EXERCISE REQUIREMENTS:
Copy the entries that appear below in full, leaving out any picture among them.

Saved entries:
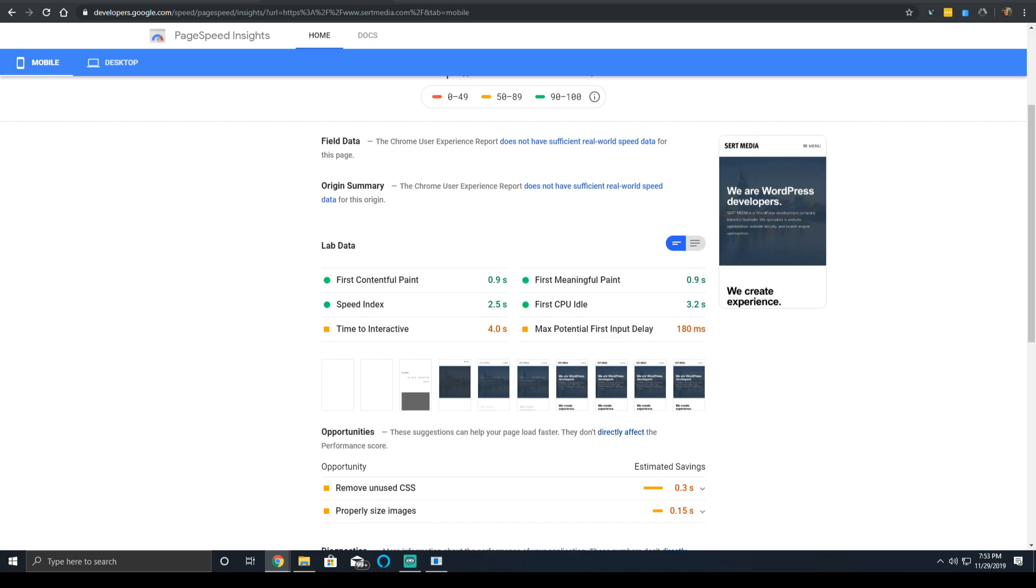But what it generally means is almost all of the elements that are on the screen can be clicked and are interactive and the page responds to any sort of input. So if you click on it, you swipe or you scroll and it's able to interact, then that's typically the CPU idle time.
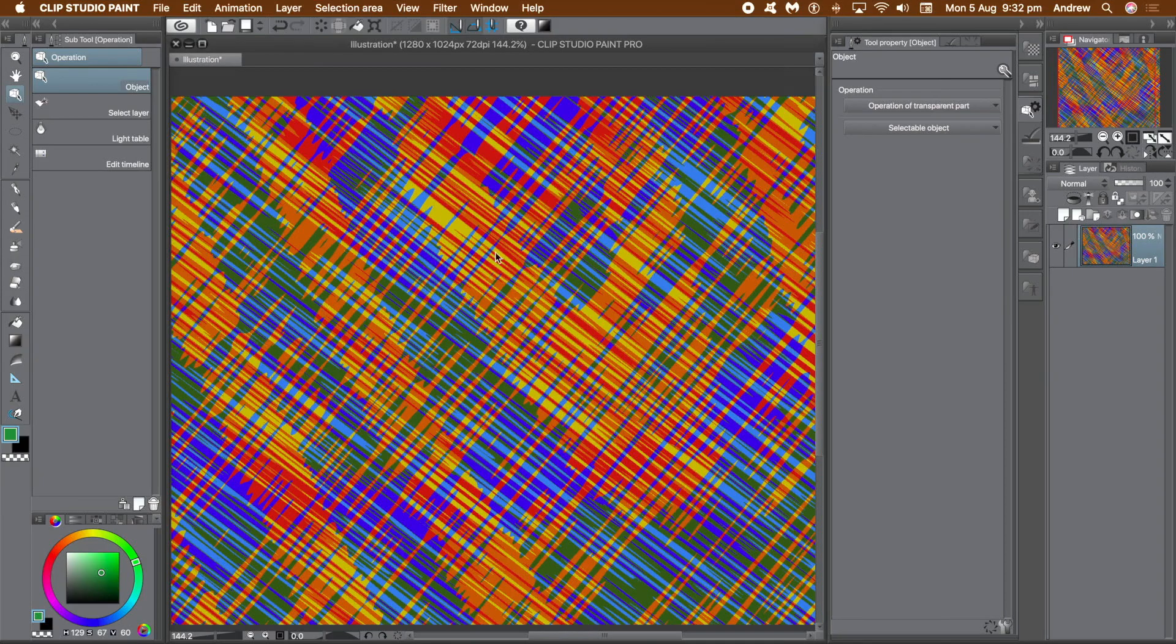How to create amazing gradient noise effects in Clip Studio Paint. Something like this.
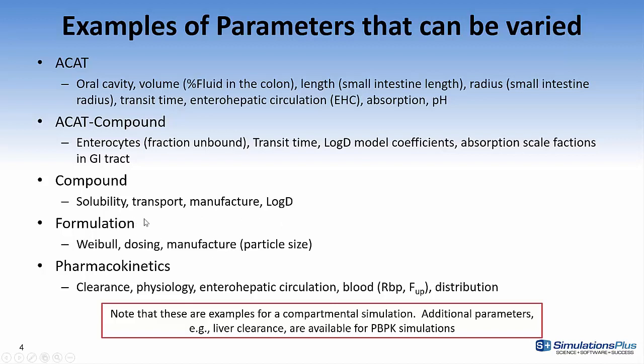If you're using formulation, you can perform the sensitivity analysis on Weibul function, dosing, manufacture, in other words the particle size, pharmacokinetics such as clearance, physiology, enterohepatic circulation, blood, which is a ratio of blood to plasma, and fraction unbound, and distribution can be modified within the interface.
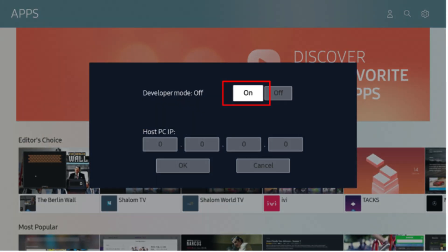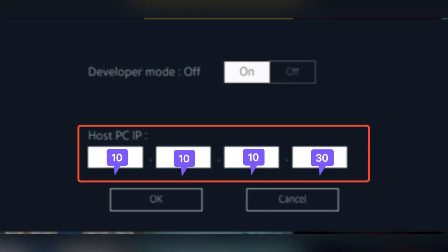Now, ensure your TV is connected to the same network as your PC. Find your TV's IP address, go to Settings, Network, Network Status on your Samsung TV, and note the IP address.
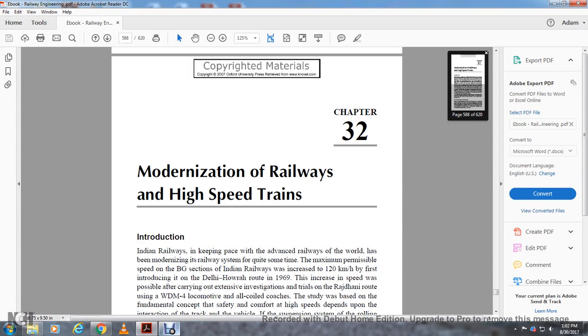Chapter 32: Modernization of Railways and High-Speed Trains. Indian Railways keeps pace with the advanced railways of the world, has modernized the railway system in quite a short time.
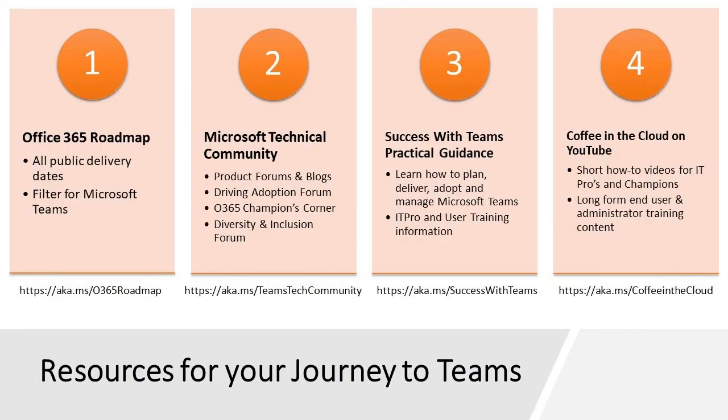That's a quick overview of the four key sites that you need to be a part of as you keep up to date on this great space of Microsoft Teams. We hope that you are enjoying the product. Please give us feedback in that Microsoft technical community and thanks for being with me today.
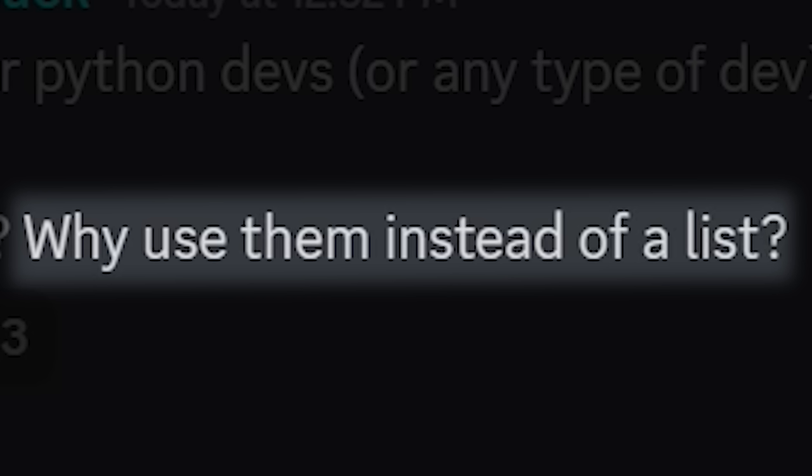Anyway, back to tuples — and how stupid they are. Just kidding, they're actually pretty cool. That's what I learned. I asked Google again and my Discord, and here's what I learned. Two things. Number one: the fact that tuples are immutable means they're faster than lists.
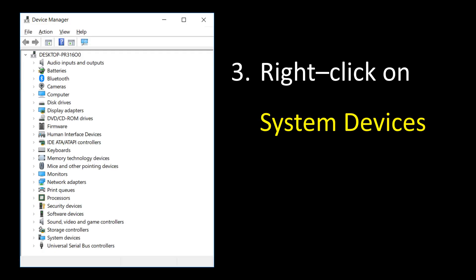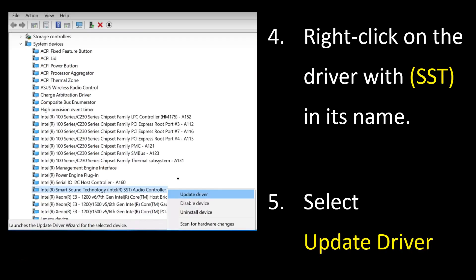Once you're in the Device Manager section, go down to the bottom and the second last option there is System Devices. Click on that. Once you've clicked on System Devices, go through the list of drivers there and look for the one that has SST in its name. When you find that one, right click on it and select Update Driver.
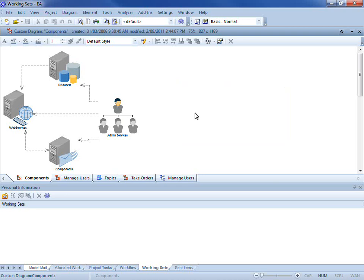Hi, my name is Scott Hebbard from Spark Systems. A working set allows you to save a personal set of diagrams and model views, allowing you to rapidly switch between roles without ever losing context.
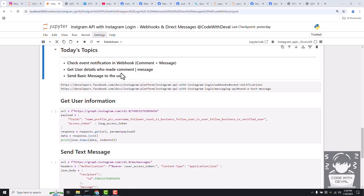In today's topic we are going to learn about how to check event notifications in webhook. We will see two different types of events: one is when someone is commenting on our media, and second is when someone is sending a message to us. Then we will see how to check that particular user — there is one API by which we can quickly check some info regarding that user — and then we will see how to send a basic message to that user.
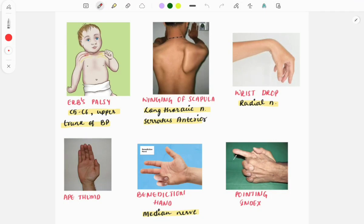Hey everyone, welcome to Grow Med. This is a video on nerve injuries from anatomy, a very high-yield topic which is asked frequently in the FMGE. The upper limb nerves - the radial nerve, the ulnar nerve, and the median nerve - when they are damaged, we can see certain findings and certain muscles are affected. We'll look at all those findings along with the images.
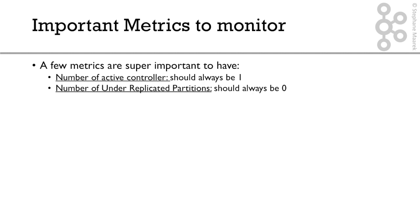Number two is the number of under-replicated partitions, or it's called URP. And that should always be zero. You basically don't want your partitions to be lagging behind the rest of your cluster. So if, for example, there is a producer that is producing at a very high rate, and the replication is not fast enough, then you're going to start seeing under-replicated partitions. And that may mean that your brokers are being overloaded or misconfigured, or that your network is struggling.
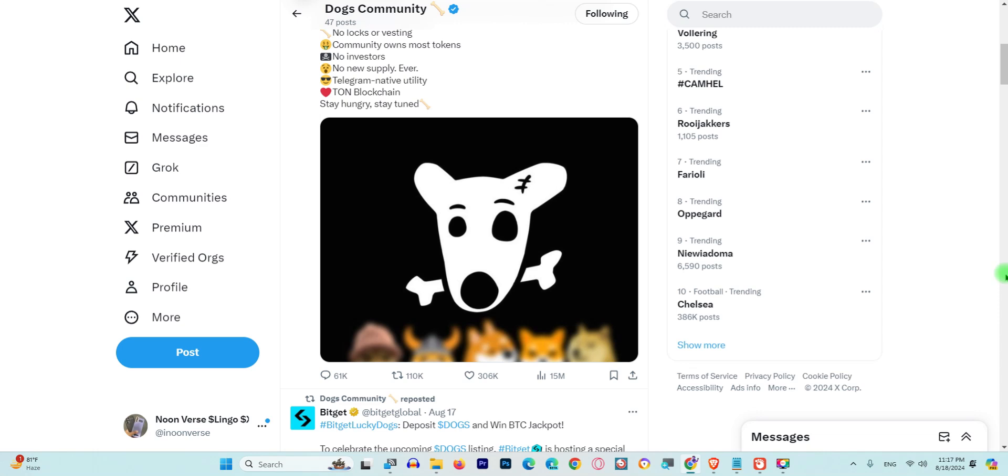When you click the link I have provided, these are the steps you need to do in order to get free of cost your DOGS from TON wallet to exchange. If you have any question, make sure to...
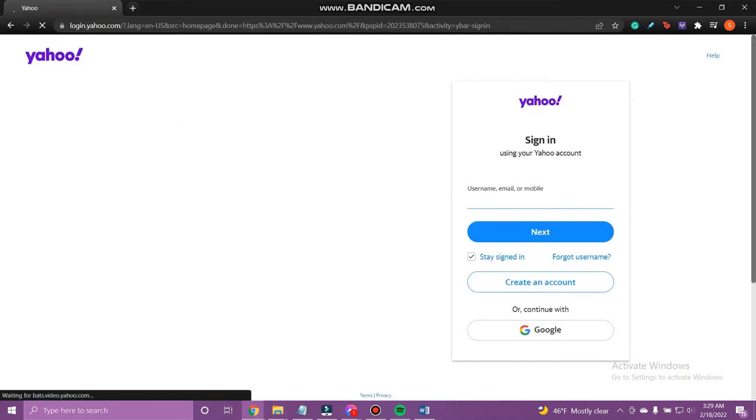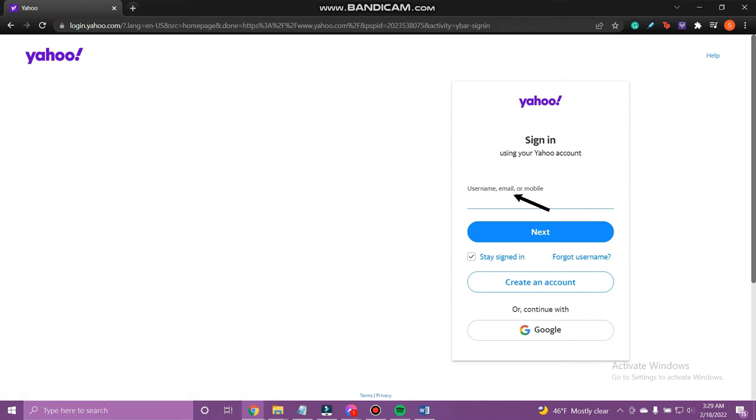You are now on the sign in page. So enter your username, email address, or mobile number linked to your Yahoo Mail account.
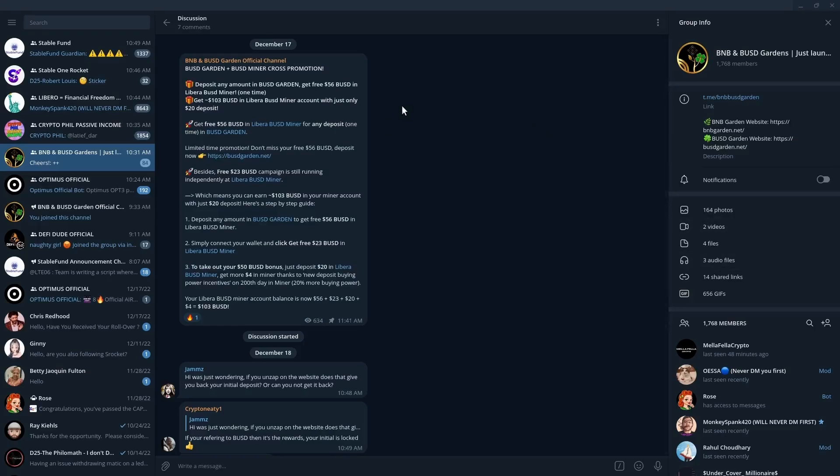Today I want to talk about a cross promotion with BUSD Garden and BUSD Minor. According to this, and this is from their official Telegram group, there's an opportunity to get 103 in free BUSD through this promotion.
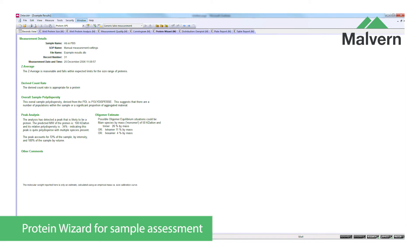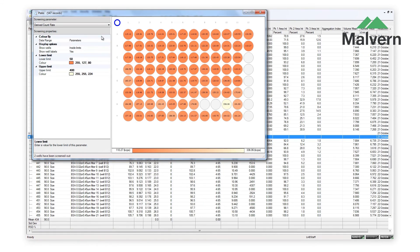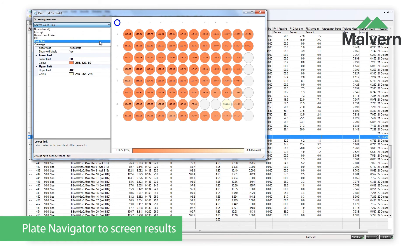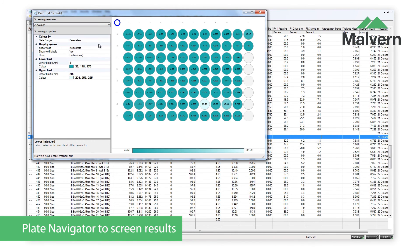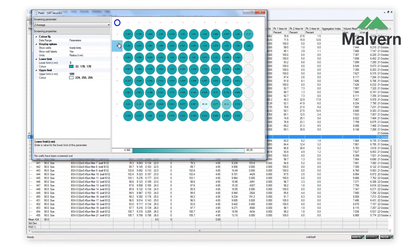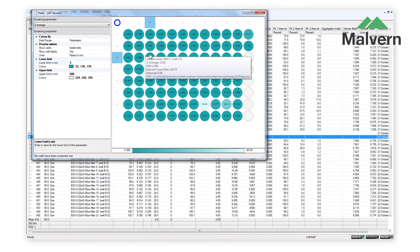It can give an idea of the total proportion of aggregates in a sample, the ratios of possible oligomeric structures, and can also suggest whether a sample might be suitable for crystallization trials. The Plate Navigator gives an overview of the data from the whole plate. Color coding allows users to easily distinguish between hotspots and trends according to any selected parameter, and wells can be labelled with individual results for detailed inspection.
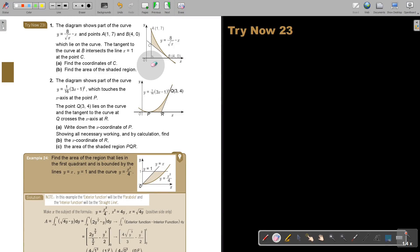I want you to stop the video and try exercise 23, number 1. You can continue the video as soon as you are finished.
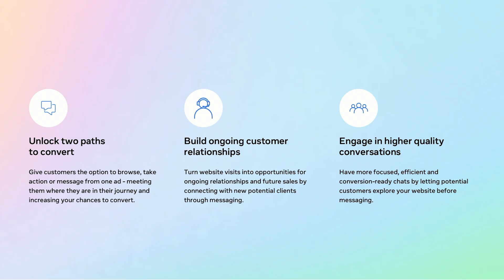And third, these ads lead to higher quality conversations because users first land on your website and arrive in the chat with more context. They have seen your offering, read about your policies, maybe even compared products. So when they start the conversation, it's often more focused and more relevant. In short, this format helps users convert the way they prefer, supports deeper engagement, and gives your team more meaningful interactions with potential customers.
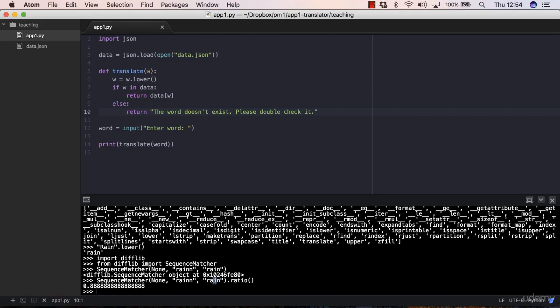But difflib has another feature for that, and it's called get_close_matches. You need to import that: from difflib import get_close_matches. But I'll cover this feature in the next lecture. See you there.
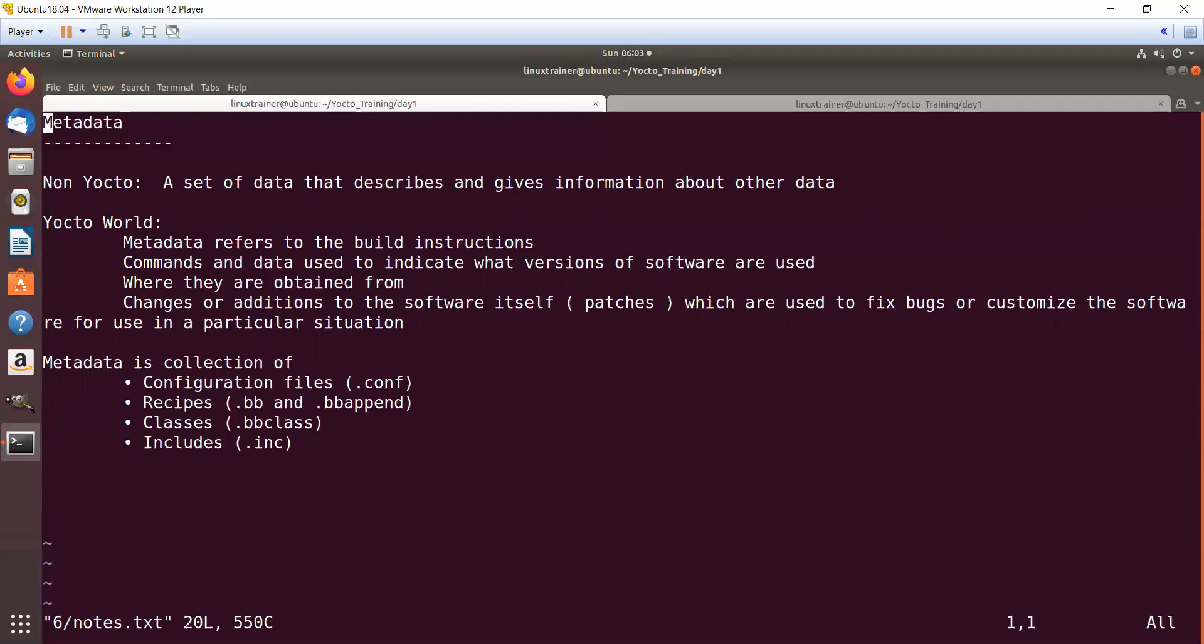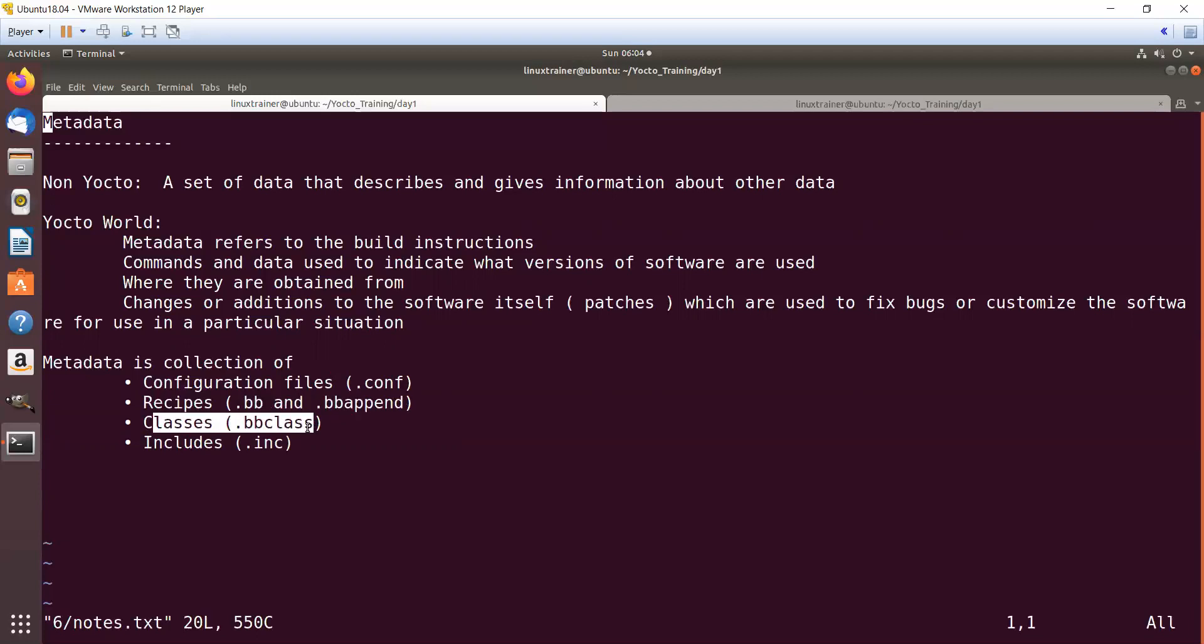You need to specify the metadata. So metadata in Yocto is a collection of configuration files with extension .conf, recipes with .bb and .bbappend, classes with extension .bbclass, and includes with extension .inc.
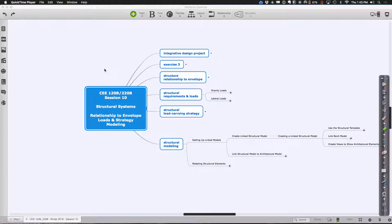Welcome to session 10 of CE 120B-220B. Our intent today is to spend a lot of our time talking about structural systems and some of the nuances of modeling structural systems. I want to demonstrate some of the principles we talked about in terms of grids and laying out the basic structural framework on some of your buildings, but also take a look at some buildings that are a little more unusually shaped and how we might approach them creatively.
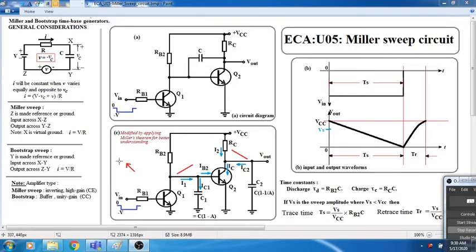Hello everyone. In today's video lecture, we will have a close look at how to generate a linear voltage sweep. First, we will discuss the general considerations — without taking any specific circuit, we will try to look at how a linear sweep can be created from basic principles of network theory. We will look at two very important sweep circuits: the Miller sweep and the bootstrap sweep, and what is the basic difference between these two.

ANSWER TO THE PROBLEM:
But what it generally means is almost all of the elements that are on the screen can be clicked and are interactive and the page responds to any sort of input. So if you click on it, you swipe or you scroll and it's able to interact, then that's typically the CPU idle time.
How to create amazing gradient noise effects in Clip Studio Paint. Something like this.
If you're using formulation, you can perform the sensitivity analysis on Weibul function, dosing, manufacture, in other words the particle size, pharmacokinetics such as clearance, physiology, enterohepatic circulation, blood, which is a ratio of blood to plasma, and fraction unbound, and distribution can be modified within the interface.
Now, ensure your TV is connected to the same network as your PC. Find your TV's IP address, go to Settings, Network, Network Status on your Samsung TV, and note the IP address.
Chapter 32: Modernization of Railways and High-Speed Trains. Indian Railways keeps pace with the advanced railways of the world, has modernized the railway system in quite a short time.
That's a quick overview of the four key sites that you need to be a part of as you keep up to date on this great space of Microsoft Teams. We hope that you are enjoying the product. Please give us feedback in that Microsoft technical community and thanks for being with me today.
Anyway, back to tuples — and how stupid they are. Just kidding, they're actually pretty cool. That's what I learned. I asked Google again and my Discord, and here's what I learned. Two things. Number one: the fact that tuples are immutable means they're faster than lists.
Once you're in the Device Manager section, go down to the bottom and the second last option there is System Devices. Click on that. Once you've clicked on System Devices, go through the list of drivers there and look for the one that has SST in its name. When you find that one, right click on it and select Update Driver.
Hi, my name is Scott Hebbard from Spark Systems. A working set allows you to save a personal set of diagrams and model views, allowing you to rapidly switch between roles without ever losing context.
In today's topic we are going to learn about how to check event notifications in webhook. We will see two different types of events: one is when someone is commenting on our media, and second is when someone is sending a message to us. Then we will see how to check that particular user — there is one API by which we can quickly check some info regarding that user — and then we will see how to send a basic message to that user.
Hey everyone, welcome to Grow Med. This is a video on nerve injuries from anatomy, a very high-yield topic which is asked frequently in the FMGE. The upper limb nerves - the radial nerve, the ulnar nerve, and the median nerve - when they are damaged, we can see certain findings and certain muscles are affected. We'll look at all those findings along with the images.
Number two is the number of under-replicated partitions, or it's called URP. And that should always be zero. You basically don't want your partitions to be lagging behind the rest of your cluster. So if, for example, there is a producer that is producing at a very high rate, and the replication is not fast enough, then you're going to start seeing under-replicated partitions. And that may mean that your brokers are being overloaded or misconfigured, or that your network is struggling.
When you click the link I have provided, these are the steps you need to do in order to get free of cost your DOGS from TON wallet to exchange. If you have any question, make sure to...
You are now on the sign in page. So enter your username, email address, or mobile number linked to your Yahoo Mail account.
Today I want to talk about a cross promotion with BUSD Garden and BUSD Minor. According to this, and this is from their official Telegram group, there's an opportunity to get 103 in free BUSD through this promotion.
It can give an idea of the total proportion of aggregates in a sample, the ratios of possible oligomeric structures, and can also suggest whether a sample might be suitable for crystallization trials. The Plate Navigator gives an overview of the data from the whole plate. Color coding allows users to easily distinguish between hotspots and trends according to any selected parameter, and wells can be labelled with individual results for detailed inspection.
I want you to stop the video and try exercise 23, number 1. You can continue the video as soon as you are finished.
And third, these ads lead to higher quality conversations because users first land on your website and arrive in the chat with more context. They have seen your offering, read about your policies, maybe even compared products. So when they start the conversation, it's often more focused and more relevant. In short, this format helps users convert the way they prefer, supports deeper engagement, and gives your team more meaningful interactions with potential customers.
But difflib has another feature for that, and it's called get_close_matches. You need to import that: from difflib import get_close_matches. But I'll cover this feature in the next lecture. See you there.
You need to specify the metadata. So metadata in Yocto is a collection of configuration files with extension .conf, recipes with .bb and .bbappend, classes with extension .bbclass, and includes with extension .inc.
Welcome to session 10 of CE 120B-220B. Our intent today is to spend a lot of our time talking about structural systems and some of the nuances of modeling structural systems. I want to demonstrate some of the principles we talked about in terms of grids and laying out the basic structural framework on some of your buildings, but also take a look at some buildings that are a little more unusually shaped and how we might approach them creatively.
Hello everyone. In today's video lecture, we will have a close look at how to generate a linear voltage sweep. First, we will discuss the general considerations — without taking any specific circuit, we will try to look at how a linear sweep can be created from basic principles of network theory. We will look at two very important sweep circuits: the Miller sweep and the bootstrap sweep, and what is the basic difference between these two.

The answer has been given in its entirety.